Concerned with the value of the euro, the ECB elected not to pursue policies of monetary easing as aggressively as Federal Reserve, its U.S. counterpart.

Other central banks “have their own responsibility and decisions and I have already said that as far as we are concerned, we would be very, very keen to avoid to be put in a situation which for us would not be appropriate, namely a liquidity trap,” Trichet said in January.

But Trichet’s reluctance is partly to blame for Europe’s lagging recovery.

The preliminary Markit purchasing managers index (PMI), a closely watched survey released earlier today, showed that eurozone output fell for the thirteenth consecutive month in June.
The PMI rose to 44.4 in June, up from 44.0 in May.

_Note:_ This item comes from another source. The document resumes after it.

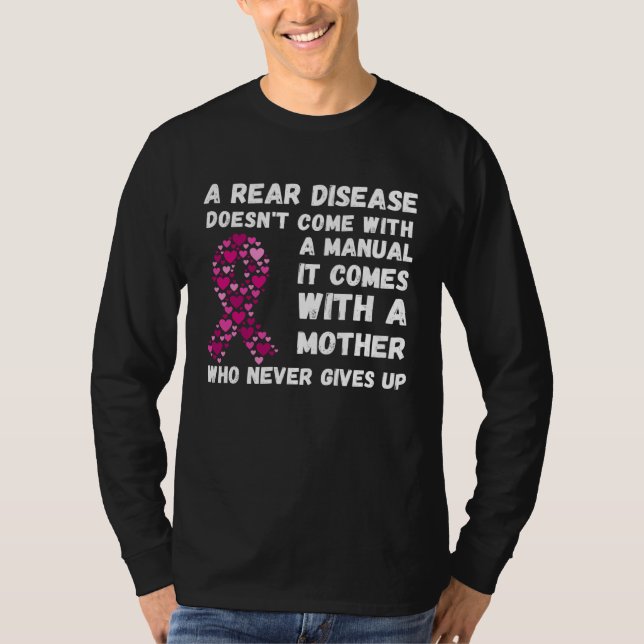 Classic Retro Rare Disease Awareness  Genetic Diso T-Shirt (Vorderseite)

A reading of less than 50 indicates a contraction in activity, while a figure of more than 50 signals expansion. Economists had forecast a rise to 45.5, according to MarketWatch.com.

Dominic Bryant at BNP Paribas told The FT that Europe’s economy won’t be gaining traction “anytime soon,” and he expects the economy to be “more or less flat for the next four quarters.”

Europe’s underperformance when compared with the United States and United Kingdom will reflect “the less aggressive action of policy makers in the eurozone in the areas of monetary policy, fiscal policy and banking sector support,” Bryant said.